Режиссер не стал мудрить, вытаскивая из текста его вероятное новаторство, а, напротив, активно загасил все абсолютно традиционной постановкой, в которой, несмотря на тесноту и неприспособленность сцены Театра.doc, развернул по-мхатовски подробные мизансцены, с разными входами, несколькими площадками и психологическими мотивировками. В результате получился спектакль не столько экспериментальный, сколько самодеятельный, в котором молодые актеры, слегка ломаясь, изображают людей в возрасте, есть пара лирических героев, но в общем история про дремучий город и новую буржуазию кажется довольно заурядной. Могу ошибаться, но мне кажется, что в пьесе все не так однозначно, что в ней тоже есть тема пустоты, прикрытой энергией и ненавистью, что она не про новое и старое, не про конфликт угрюмой провинции с соблазнами глобализации, а скорее о том, что шелуха еще долго шевелится как живая, когда содержание давно иссякло... Бывший солдат Клим Зыков все пытается восстановить жизнь «как при бате», а хозяйственный владелец магазина Юра Морозов вроде бы начинает новую, однако эти усилия неплодотворны, они обречены на разрушение, как строительство песчаных башен на пляже. Но в спектакле, разыгранном с ученической тщательностью по нотам эпизодов, ничего подобного нет.

От новой драмы часто требуют, совершенно по-треплевски, новых форм и новых смыслов, предполагая при этом, что новое явится в формах старого, но иного. Обновленного, энергичного, позитивного. Но в мире давно проблемы с новыми смыслами. Их ищет не только драма, кино, искусство, но и экономика, политика, этика. Ищет и все никак не может найти. Новая драма фиксирует состояние человека в отсутствие новых смыслов при иссякших старых... И в данном случае в ее фокусе -- человек толпы, что значит на самом деле -- человек, не генерирующий своего собственного содержания, не способный на личное усилие, но растворенный в общем, в том, что транслируется современным обществом, где живое испаряется уже в процессе перегонки индивидуального открытия в товары массового спроса.

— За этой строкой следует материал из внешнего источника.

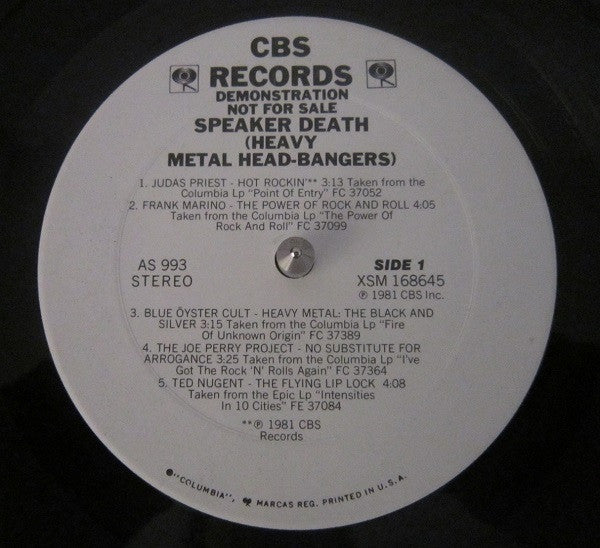 Various : Speaker Death! (Heavy Metal Head-Bangers) (LP, Comp, Promo)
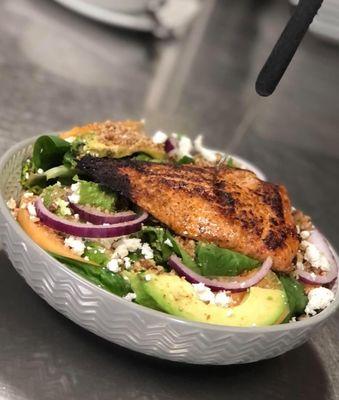 Melon + goat cheese salad with blackened salmon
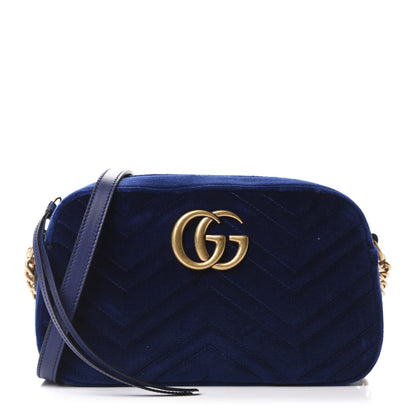 Gucci Velvet Matelasse Small GG Marmont Chain Shoulder Bag Cobalt 1 of 10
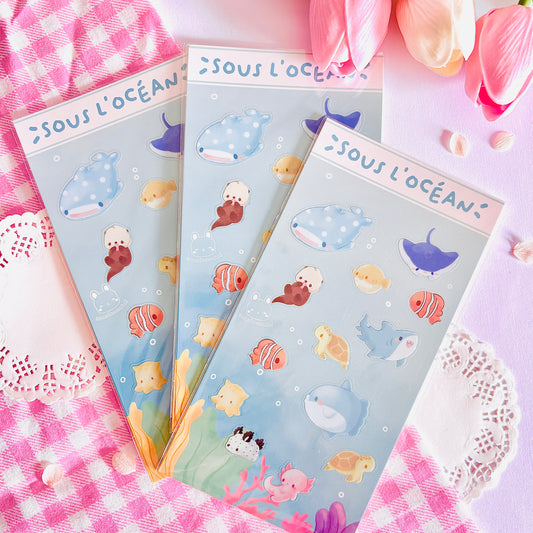 Feuille de stickers Océan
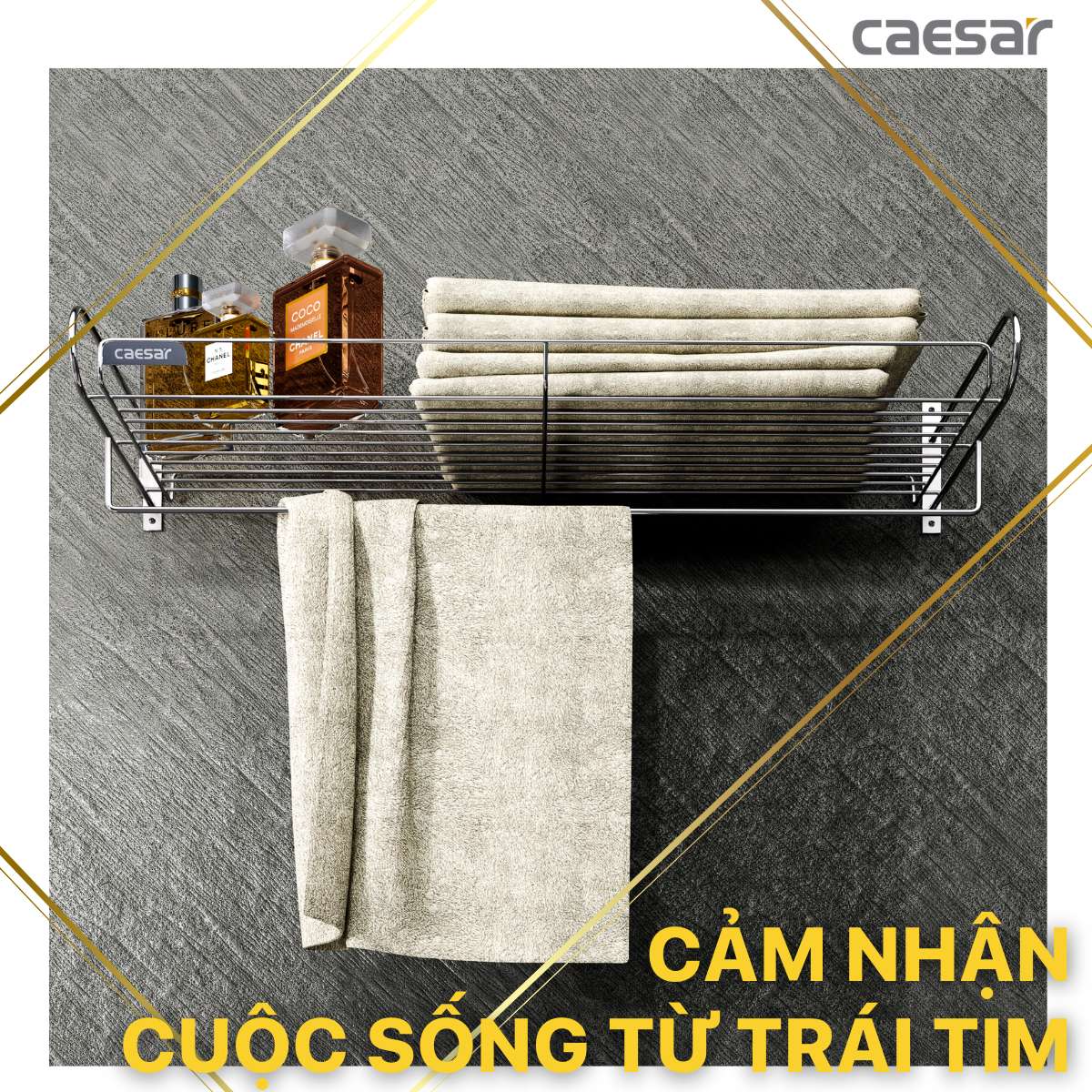 Kệ treo khăn inox Caesar ST834V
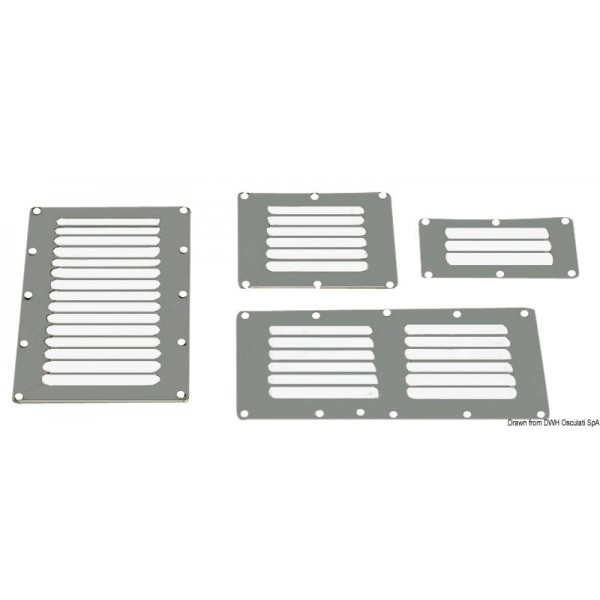 Stainless steel ventilation grille + insect screen - 67x127 mm - N°3 - comptoirnautique.com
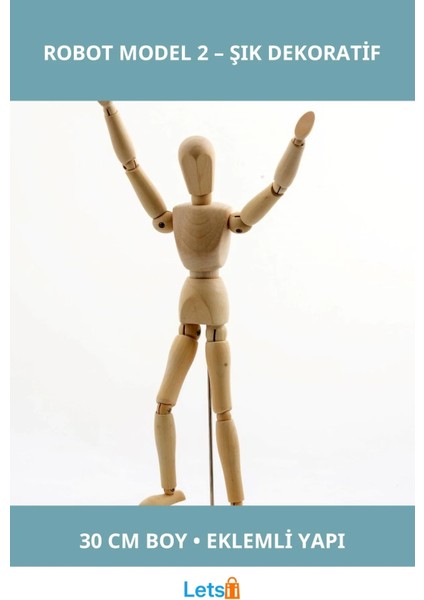 Doğal Ahşap Esnek Eklemli Robot 30 cm Eğitim Oyuncak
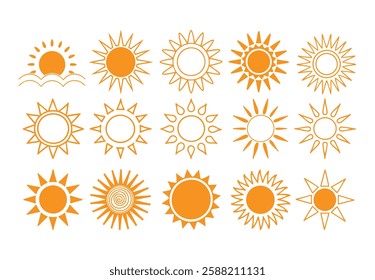 Set of vector sun icons. Sun icon set. Sunset icon collection. Hand drawn sun icon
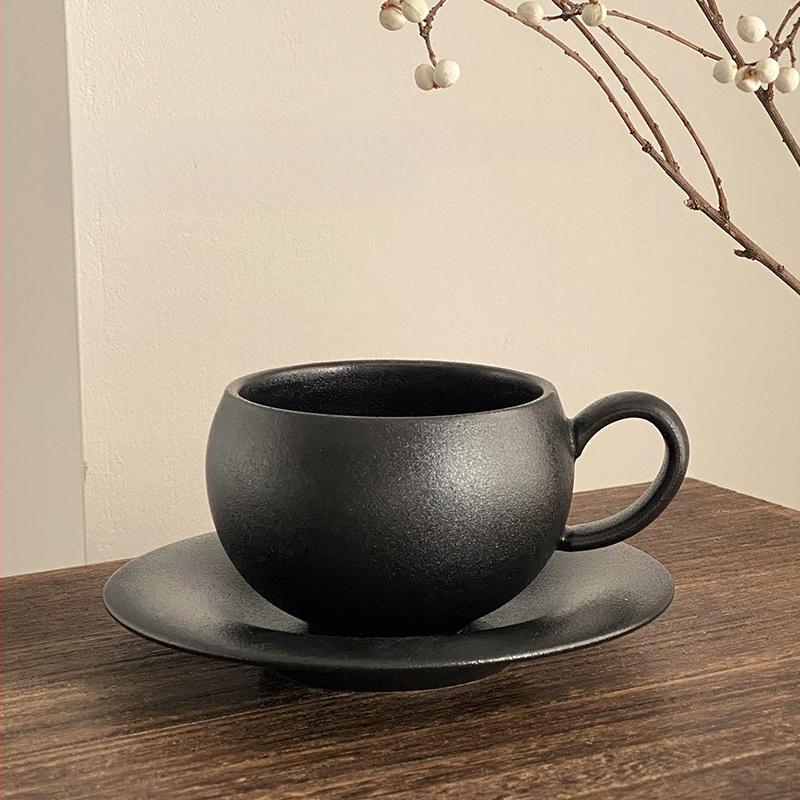 Kavos puodelis su retro akmens raštu, japoniško stiliaus, paprastas dizainas (japoniško stiliaus; paprastas dizainas; vienetinė pakuotė; pirmosios klasės kokybė)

В старинной притче хан спрашивал у своих слуг о поведении жителей побежденного и обложенного данью города, когда у них требуют еще дани: плачут они или смеются? Пока жители плакали, хан требовал дань, но когда они стали смеяться, он понял, что взять у них больше нечего. Это я к тому, что новая драма в хорошем исполнении -- это еще и очень смешно.